Entries shown:
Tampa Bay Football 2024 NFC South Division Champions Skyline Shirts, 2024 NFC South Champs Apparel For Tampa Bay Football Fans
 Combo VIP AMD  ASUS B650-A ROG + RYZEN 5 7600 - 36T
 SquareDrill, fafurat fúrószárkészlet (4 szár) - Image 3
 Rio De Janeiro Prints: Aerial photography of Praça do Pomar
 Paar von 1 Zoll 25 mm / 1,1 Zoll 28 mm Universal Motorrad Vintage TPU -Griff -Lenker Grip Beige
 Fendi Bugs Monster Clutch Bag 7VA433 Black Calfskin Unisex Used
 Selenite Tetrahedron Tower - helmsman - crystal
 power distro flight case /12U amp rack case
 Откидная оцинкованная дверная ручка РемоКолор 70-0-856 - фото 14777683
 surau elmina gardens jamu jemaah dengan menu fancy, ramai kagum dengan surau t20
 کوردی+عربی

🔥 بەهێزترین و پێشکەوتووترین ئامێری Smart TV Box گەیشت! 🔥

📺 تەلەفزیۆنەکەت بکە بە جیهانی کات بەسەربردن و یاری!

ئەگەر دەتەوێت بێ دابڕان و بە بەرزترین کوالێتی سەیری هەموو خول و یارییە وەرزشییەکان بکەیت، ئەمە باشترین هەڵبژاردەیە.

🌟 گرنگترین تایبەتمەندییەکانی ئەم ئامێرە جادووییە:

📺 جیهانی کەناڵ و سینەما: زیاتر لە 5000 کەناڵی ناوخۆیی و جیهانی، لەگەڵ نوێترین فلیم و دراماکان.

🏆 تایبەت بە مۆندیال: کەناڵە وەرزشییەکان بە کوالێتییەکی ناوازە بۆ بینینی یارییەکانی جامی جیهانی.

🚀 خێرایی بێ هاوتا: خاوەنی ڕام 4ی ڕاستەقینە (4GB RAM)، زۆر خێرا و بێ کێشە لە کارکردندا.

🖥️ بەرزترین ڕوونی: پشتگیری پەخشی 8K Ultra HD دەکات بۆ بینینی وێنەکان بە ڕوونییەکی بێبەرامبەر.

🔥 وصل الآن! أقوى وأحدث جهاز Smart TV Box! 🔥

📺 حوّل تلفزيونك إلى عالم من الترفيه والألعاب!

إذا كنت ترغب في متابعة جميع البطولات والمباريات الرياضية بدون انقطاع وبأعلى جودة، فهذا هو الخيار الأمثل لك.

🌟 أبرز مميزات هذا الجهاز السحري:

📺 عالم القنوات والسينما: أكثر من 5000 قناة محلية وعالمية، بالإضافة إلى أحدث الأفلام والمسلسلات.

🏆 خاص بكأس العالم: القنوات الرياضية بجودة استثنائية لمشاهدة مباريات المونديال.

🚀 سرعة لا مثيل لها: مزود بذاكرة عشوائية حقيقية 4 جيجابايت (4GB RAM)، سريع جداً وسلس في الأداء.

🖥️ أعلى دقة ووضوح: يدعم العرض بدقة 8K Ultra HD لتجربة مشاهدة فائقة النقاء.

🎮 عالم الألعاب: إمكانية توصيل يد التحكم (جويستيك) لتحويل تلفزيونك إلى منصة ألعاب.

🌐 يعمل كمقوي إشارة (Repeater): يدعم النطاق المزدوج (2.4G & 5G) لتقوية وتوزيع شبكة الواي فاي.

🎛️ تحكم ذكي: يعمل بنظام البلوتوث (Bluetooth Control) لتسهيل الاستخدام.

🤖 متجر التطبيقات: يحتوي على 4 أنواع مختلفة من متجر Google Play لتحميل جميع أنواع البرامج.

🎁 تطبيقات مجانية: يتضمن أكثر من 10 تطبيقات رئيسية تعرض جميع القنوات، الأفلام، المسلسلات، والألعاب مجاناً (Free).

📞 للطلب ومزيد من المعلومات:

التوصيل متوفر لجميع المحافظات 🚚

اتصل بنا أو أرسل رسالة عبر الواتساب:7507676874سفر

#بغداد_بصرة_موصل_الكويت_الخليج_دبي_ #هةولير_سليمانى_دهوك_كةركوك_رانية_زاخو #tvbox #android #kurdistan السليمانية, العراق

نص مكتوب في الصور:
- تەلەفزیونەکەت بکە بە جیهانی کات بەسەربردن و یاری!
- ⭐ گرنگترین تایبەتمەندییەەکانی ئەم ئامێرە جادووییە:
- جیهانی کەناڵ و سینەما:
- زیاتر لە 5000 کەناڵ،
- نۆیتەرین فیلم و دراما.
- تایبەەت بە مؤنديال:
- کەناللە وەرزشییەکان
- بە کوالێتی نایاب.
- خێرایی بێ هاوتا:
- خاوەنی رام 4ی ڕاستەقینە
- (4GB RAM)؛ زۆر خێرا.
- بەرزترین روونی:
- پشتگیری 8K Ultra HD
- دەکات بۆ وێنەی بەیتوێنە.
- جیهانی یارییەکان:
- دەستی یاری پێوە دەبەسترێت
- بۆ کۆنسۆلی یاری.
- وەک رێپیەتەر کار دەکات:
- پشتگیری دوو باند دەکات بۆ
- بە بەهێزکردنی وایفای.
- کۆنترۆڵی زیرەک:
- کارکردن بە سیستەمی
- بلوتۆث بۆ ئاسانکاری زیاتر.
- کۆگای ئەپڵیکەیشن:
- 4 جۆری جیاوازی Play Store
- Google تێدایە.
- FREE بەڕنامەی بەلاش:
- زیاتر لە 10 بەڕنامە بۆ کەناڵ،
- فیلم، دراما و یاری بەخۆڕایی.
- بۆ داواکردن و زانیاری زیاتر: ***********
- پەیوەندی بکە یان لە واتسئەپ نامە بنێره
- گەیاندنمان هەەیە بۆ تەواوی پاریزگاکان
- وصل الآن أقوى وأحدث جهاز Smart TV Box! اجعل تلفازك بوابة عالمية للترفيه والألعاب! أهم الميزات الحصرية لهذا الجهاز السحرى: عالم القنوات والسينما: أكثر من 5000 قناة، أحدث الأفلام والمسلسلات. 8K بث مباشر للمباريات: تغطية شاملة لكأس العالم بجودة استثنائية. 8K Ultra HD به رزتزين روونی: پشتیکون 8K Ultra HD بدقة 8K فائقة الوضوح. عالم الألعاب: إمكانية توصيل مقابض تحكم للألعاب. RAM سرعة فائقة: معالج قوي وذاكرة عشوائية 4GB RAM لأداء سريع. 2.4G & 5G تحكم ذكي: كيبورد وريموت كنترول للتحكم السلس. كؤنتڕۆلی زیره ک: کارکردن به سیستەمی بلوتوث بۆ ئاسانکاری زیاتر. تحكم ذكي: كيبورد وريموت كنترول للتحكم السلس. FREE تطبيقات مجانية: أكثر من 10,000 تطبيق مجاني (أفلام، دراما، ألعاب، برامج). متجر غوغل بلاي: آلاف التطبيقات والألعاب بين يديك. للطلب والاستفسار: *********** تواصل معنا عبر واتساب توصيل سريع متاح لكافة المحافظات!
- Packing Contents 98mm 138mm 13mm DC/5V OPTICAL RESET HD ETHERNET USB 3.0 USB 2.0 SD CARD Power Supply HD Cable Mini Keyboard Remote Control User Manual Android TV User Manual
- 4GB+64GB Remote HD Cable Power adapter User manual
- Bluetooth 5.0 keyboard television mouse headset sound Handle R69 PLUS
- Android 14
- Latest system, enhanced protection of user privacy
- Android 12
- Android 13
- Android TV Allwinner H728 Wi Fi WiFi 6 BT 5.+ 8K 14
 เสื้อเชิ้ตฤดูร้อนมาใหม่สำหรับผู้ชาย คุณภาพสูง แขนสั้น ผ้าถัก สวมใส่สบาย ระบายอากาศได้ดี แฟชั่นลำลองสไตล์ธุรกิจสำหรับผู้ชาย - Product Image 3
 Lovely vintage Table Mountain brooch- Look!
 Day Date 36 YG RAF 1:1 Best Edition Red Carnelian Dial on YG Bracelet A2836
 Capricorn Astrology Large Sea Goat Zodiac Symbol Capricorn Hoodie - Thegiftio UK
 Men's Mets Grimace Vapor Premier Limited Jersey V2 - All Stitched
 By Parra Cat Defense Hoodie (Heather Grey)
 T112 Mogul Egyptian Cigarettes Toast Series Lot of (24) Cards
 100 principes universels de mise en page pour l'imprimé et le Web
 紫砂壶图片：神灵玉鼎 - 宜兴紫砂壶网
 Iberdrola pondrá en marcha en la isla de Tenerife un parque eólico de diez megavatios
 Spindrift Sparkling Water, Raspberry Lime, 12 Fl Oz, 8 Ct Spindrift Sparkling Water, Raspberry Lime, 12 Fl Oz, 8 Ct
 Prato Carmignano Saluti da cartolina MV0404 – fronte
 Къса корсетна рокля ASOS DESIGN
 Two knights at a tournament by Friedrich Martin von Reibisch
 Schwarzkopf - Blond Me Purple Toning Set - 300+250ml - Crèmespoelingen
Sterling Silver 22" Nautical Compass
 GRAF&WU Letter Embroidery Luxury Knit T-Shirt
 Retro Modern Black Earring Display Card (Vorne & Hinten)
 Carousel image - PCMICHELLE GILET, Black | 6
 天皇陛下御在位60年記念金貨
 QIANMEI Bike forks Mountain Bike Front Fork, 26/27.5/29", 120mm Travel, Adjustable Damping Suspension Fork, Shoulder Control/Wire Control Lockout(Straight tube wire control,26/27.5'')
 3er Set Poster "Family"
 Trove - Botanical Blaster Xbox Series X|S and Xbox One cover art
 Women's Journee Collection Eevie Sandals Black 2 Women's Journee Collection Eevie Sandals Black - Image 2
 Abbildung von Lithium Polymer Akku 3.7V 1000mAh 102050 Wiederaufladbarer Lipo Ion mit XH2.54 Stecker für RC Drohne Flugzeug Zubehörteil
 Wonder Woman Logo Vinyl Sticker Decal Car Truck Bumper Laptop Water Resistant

Exercise requirements:
The answer should be a number alone: the count of lines in the records that hold the word "جادووییە".

Answer for the task:
2